I hate to open my post with the quintessential Thanksgiving line, but I have a lot for which to be thankful.
Rather than ramble about my love of chocolate chip cookie dough ice cream or One Direction, though, I narrowed my reflection to journalism and specifically, what I’m thankful for in the media world.
First, I’m thankful stories change. Nearly a month ago, I embarked on a project about the alleged nationwide shortage of farm veterinarians. A lot of research and one interview later, however, I realized that wasn’t the story at all.
In fact, there wasn’t a shortage of farm vets but a surplus. There are plenty of farm vets, but they’re not in the right places. While I had to abandon my initial plan, the real story proved far more intriguing — and troubling — than the preconceived one.

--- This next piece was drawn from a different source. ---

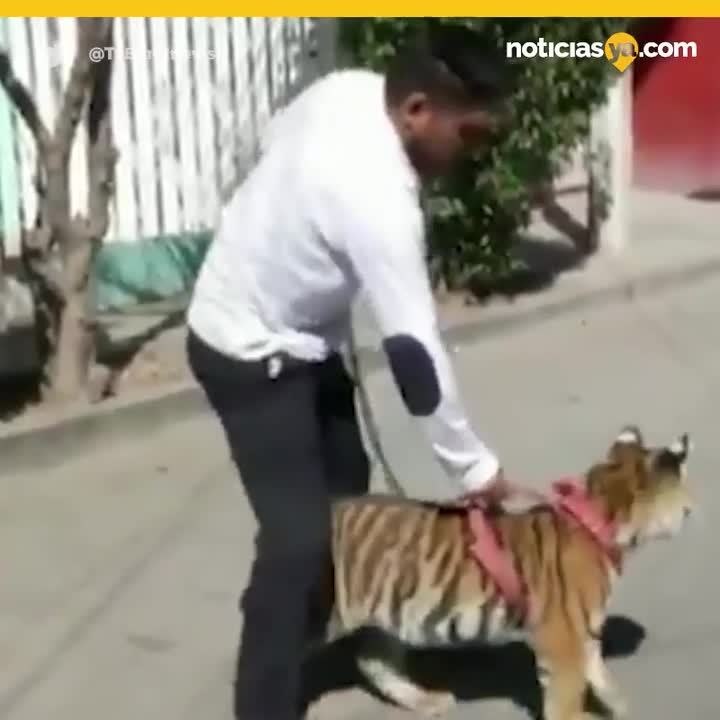 Tigre Mascota Aguascalientes, Mexico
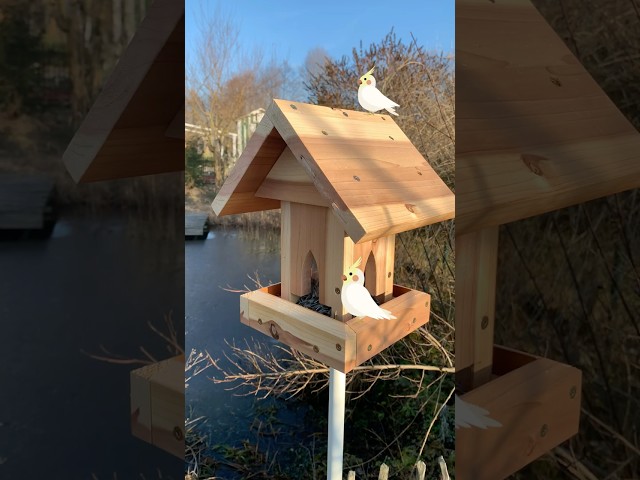 Feed the Birds…Build Your Own Bird Feeder – Easy & Sustainable!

So, I’m thankful stories change. I’m thankful I’m in a field where unpredictability is a mainstay. Finally, I’m thankful I had the chance to challenge and hone my ability to be flexible. To let my sources and research — not my original idea or a naive preconception — guide my reporting and writing.

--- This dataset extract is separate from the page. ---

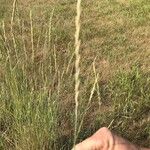 Elymus repens Fruto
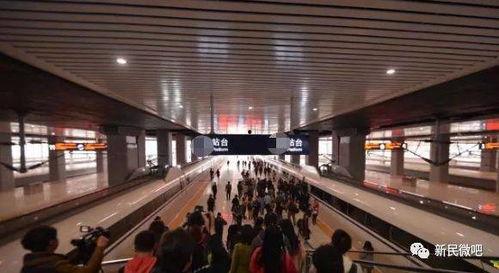 石家庄北站爆料案件最新,揭秘背后惊人真相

I’m also thankful for The Times-Delphic staff. I know I gushed about them in a recent TD column, but they’re my anchors amid the crazy, whiplash-worthy workload of an editor-in-chief. And they deserve an extra helping of recognition.

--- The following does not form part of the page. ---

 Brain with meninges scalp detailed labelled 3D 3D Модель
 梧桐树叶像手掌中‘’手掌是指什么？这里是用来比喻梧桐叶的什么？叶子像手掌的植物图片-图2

Though I swear all 13 editors conspire to bombard me with questions at the same time, they motivate me to serve the readers in every word I write, edit and print.
Finally, I’m thankful I have the opportunity to enter and experience a variety of worlds as a journalist.
I recently entered the realm of costume play, cosplay for short. Yeah, me: “Star Wars” and comic book newbie and lifelong costume cynic.
Though I inadvertently asked a “Star Wars” cosplayer to explain his “Star Trek” outfit (the capital sin in comic con world) at my first comic book convention, I realized the richness in a new culture and ultimately, a new frame of mind.
Finally, I’m thankful I work in the world of sharing stories. When I’m embroiled in the chaotic grind of back-to-back interviews, multiple deadlines and frantic AP Stylebook searches, I often neglect the thing I’m most thankful for as a journalist: I spend every day rapt in the sometimes-hectic, sometimes-complicated — but always beautiful — human experience.